Dialogue national : le pouvoir devra-t-il renoncer à la révision constitutionnelle pour convaincre l’opposition ?
Pour la Coalition Article 64, la participation au dialogue national passe par une garantie préalable : la Constitution ne doit pas être remise en cause. Une exigence qui place Félix Tshisekedi devant un choix politique délicat.
Dialogue national : le pouvoir devra-t-il renoncer à la révision constitutionnelle pour convaincre l’opposition ?
AFP
À mesure que se précisent les consultations autour du dialogue national annoncé par Félix Tshisekedi, une ligne de fracture se dessine. Pour la Coalition Article 64 (C64), il ne saurait être question de participer à des assises susceptibles d’ouvrir la voie à une révision de la Constitution. Son porte-parole, Delly Sesanga, a fait de cette question une condition essentielle à l’engagement de l’opposition dans le processus, estimant que la confiance ne pourra être rétablie sans une clarification préalable du pouvoir.

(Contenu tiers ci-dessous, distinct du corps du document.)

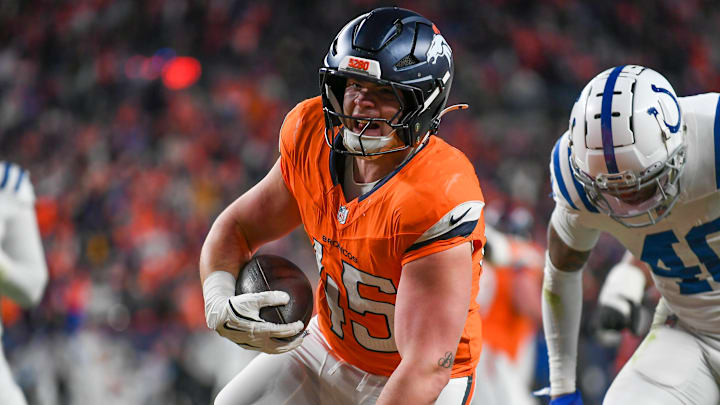 DENVER, CO - DECEMBER 15: Denver tight end Nate Adkins (45) runs the ball and scores a touchdown during a game between the Indianapolis Colts and the Denver Broncos at Empower Field at Mile High in Denver, CO on December 15, 2024. DENVER, CO - DECEMBER 15: Denver tight end Nate Adkins (45) runs the ball and scores a touchdown during a game between the Indianapolis Colts and the Denver Broncos at Empower Field at Mile High in Denver, CO on December 15, 2024.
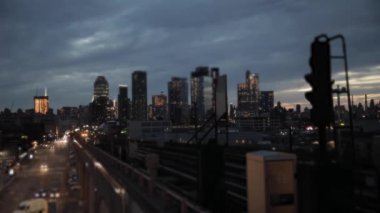 New York 'un gece görüşü metro treni ve ön planda arabalar ve arka planda gökdelenler - New York' ta seyahat ve mimari kavramlar
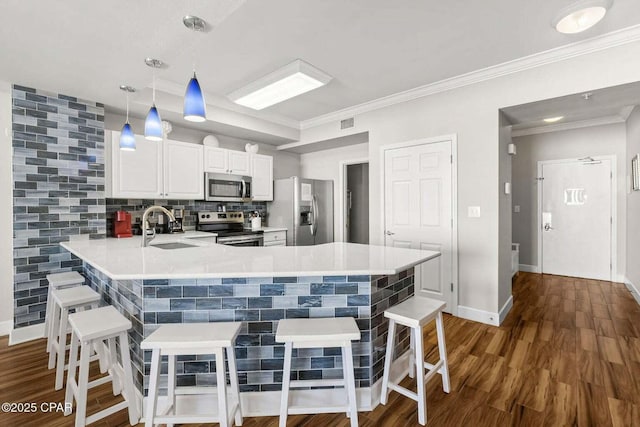 kitchen with hanging light fixtures, a kitchen breakfast bar, stainless steel appliances, and kitchen peninsula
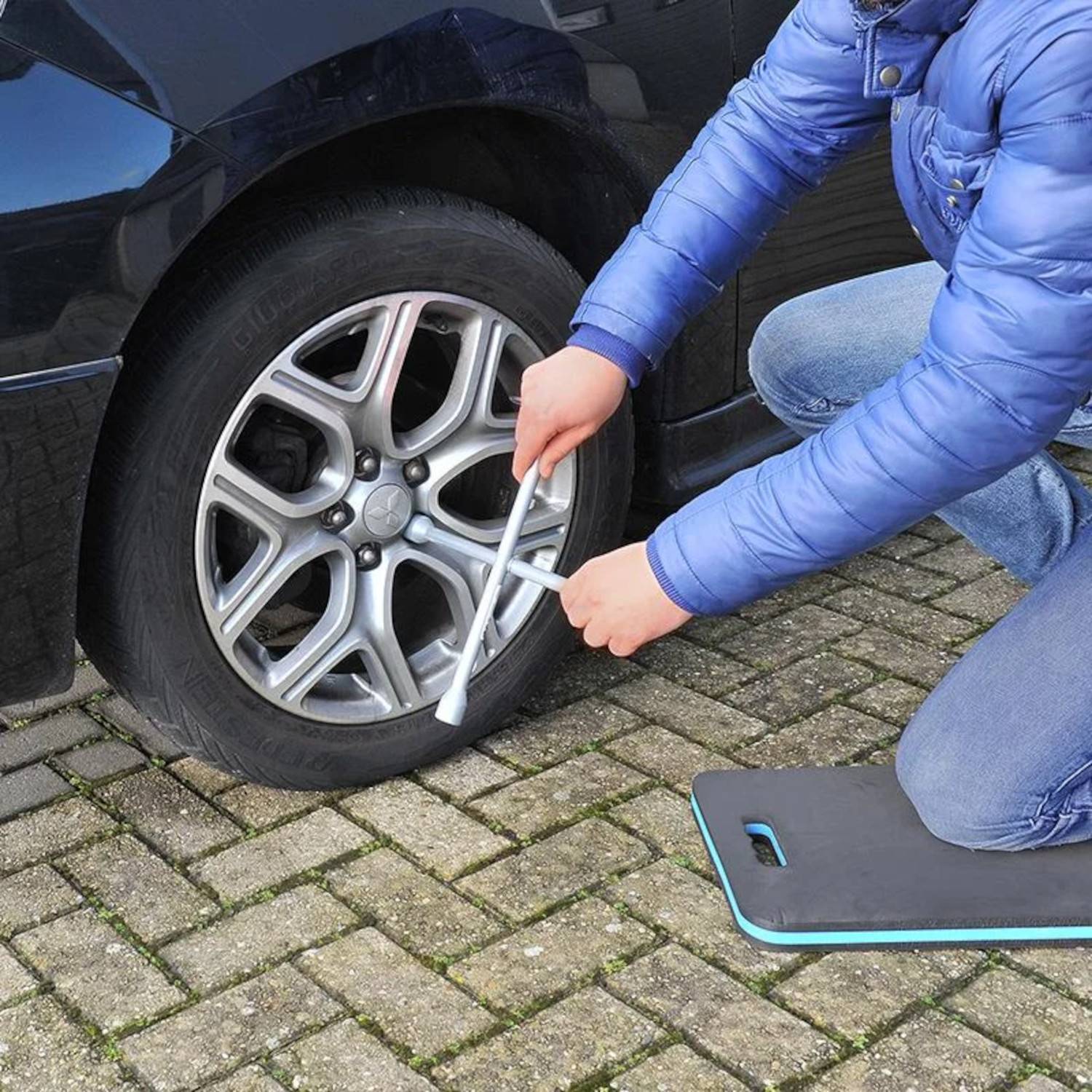 Eine Person in einer blauen Jacke verwendet einen Schraubenschlüssel, um die Radmuttern eines Autoreifens auf einer Kopfsteinpflasteroberfläche festzuziehen, was Reifenwartung signalisiert.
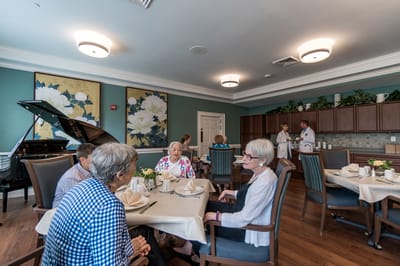 Residents engaging in conversation in a common area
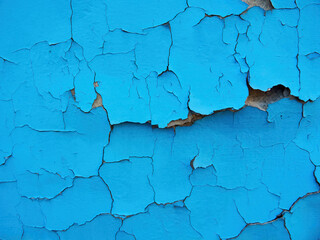 Old cracked wall background, dirty grunge texture. Paint peeling plaster walls. the cement walls are broken blue paint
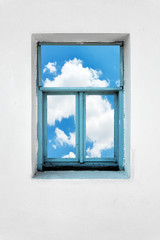 Window on a white concrete wall with blue sky and clouds view. Imagination, dreaming, freedom or inspiration concept.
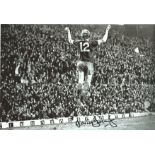 David Fairclough signed 12x8 black and white photo pictured playing for Liverpool. Good Condition.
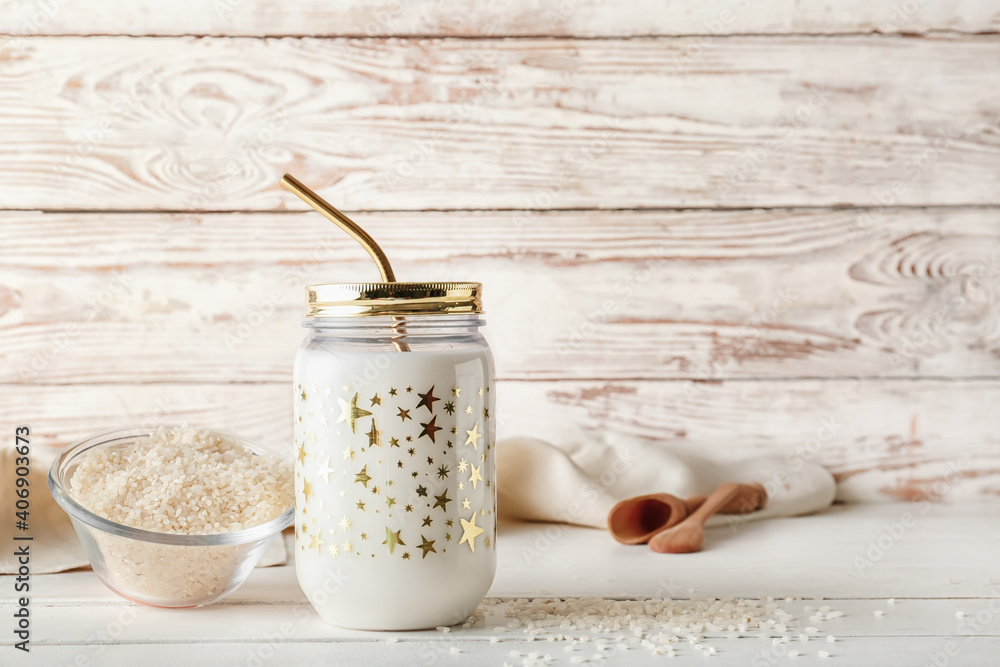 Jar of tasty rice milk on light wooden background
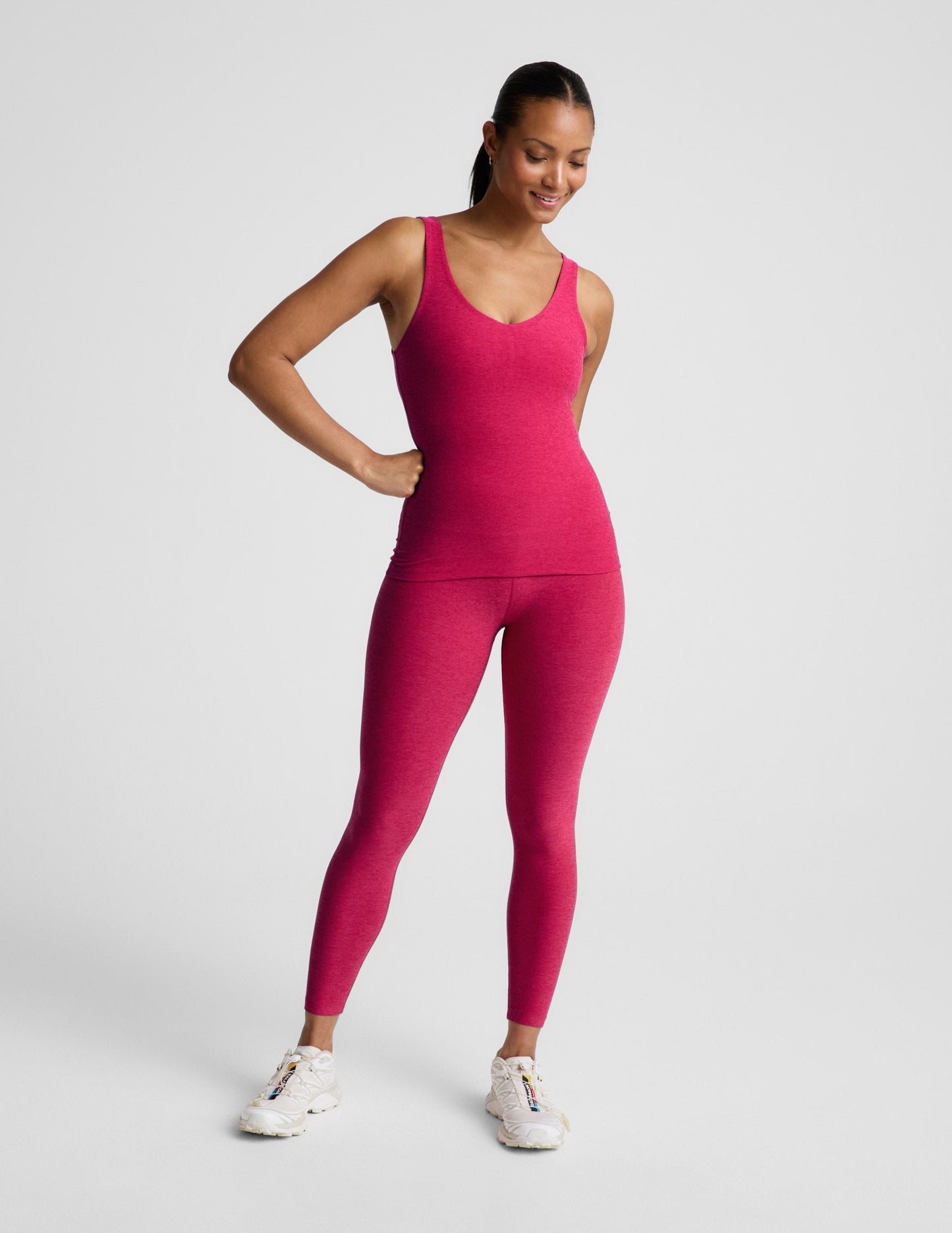 Woman wearing a red tank top and leggings on a light gray background.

Cette position traduit une méfiance qui dépasse le seul cadre du dialogue. Depuis plusieurs mois, une partie de l’opposition soupçonne la majorité de vouloir utiliser les futures concertations pour relancer le débat sur une réforme constitutionnelle, notamment en ce qui concerne l’équilibre des institutions ou les règles électorales. Le gouvernement a toujours rejeté cette interprétation, affirmant que le dialogue vise avant tout à répondre aux crises sécuritaire et politique que traverse le pays.
Une garantie politique avant de s’asseoir à la table
Pour Delly Sesanga, un dialogue ne peut produire des résultats crédibles si les participants ignorent à l’avance les sujets susceptibles d’être imposés. La C64 souhaite donc que le chef de l’État exclue explicitement toute modification de la Constitution avant l’ouverture des discussions. Selon cette logique, une telle garantie permettrait de rassurer les forces politiques encore hésitantes et d’éviter que les assises ne soient perçues comme un instrument destiné à légitimer un agenda déjà défini.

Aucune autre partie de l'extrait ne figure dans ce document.